[Extracted records]
================
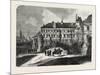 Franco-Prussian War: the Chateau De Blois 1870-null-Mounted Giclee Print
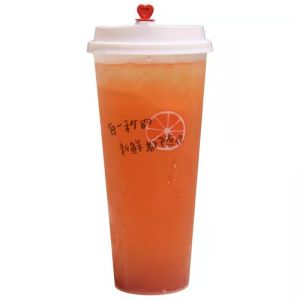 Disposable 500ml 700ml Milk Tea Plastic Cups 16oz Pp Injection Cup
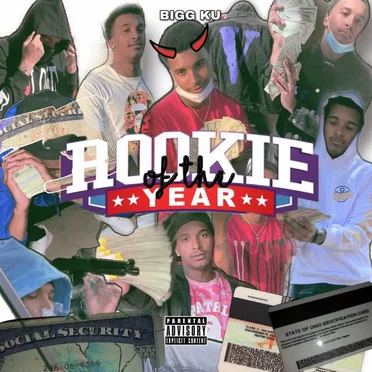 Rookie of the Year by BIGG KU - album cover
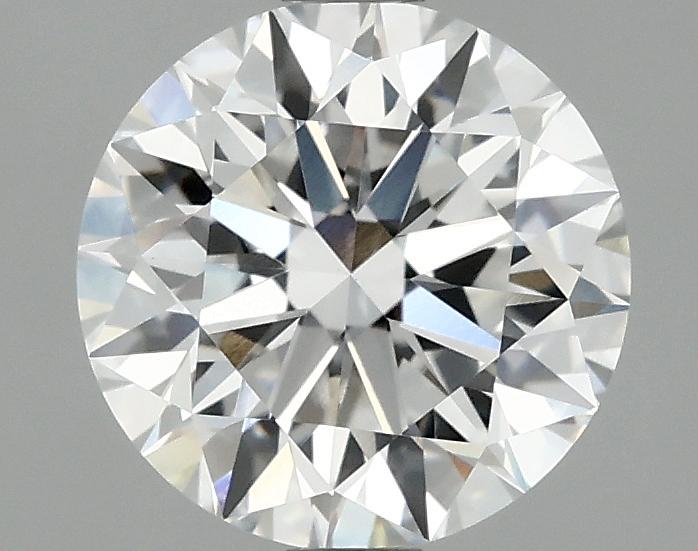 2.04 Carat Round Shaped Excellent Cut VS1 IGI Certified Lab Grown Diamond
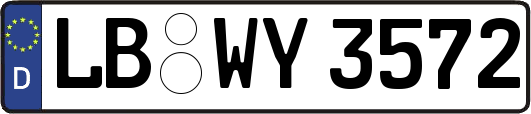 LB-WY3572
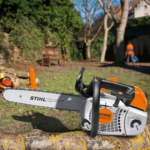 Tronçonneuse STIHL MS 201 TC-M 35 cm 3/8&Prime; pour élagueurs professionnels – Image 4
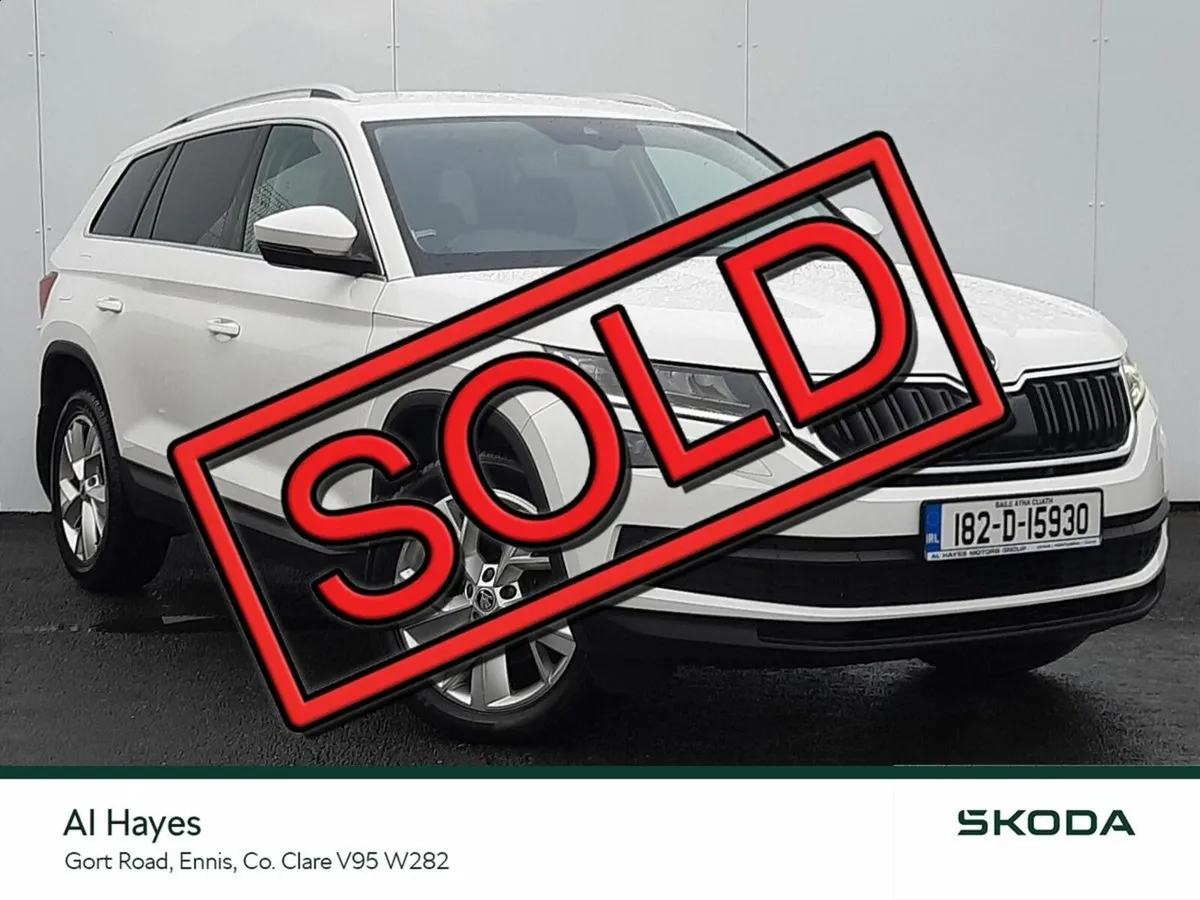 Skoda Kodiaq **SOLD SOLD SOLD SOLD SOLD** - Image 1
================
TASK DIRECTIONS:
Write out exactly the lines from the line holding "Disposable 500ml 700ml" through the last line of the records above, inclusive, and nothing more. Leave out the pictures.

WRITTEN SOLUTION:
 Disposable 500ml 700ml Milk Tea Plastic Cups 16oz Pp Injection Cup
 Rookie of the Year by BIGG KU - album cover
 2.04 Carat Round Shaped Excellent Cut VS1 IGI Certified Lab Grown Diamond
 LB-WY3572
 Tronçonneuse STIHL MS 201 TC-M 35 cm 3/8&Prime; pour élagueurs professionnels – Image 4
 Skoda Kodiaq **SOLD SOLD SOLD SOLD SOLD** - Image 1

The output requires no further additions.